Though God calls a husband to enjoy life with his wife (Ecclesiastes 9:9), God also reveals the inevitability of trouble (1 Corinthians 7:28). An easy-street mindset is ill prepared for trouble. The easy-street mentality among couples leads to a rejection of the idea that one must work hard during various seasons to love and respect each other. The no-work-and-all-play mindset believes love and respect is a piece of cake and if not, they conclude the relationship was a mistake.
So, what mindset do you possess? Do you tend to tell yourself more often, “I must work at being better,” or do you have more of an “I really don’t have to work hard at being better” mindset?
What natural talents or passions do you have (or did you have when you were younger)? Did they still require a great deal of work in order to strengthen them, or was that area for you always an “easy street”?
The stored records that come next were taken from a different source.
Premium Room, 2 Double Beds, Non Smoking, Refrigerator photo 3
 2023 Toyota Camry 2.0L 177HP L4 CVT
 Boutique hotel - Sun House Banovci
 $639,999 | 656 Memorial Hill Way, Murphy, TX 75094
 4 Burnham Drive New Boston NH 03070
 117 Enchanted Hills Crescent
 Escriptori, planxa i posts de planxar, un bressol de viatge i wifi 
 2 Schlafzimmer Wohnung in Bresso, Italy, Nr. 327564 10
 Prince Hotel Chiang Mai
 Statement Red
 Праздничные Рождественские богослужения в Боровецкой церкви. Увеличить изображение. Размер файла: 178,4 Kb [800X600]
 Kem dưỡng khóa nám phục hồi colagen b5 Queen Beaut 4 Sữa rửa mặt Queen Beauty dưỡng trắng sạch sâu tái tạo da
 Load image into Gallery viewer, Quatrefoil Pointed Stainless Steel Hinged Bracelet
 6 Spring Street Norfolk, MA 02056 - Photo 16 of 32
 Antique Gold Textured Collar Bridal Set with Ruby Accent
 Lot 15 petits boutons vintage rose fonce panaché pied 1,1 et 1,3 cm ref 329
Why will two people with growth mindsets find more happiness and success in their relationship than two people where either one or both have a fixed mindset?
Look back on a past broken marriage, either in your life or from someone you know. Can you recognize the fixed mindset in one or both partners? How did that help lead to them calling it quits?
Why do you think God, who created marriage, does not allow the commitment to be “easy street” for those who vow to love each other til death do them part? How is He glorified when two people commit to persevering through the ups and downs of their marriage?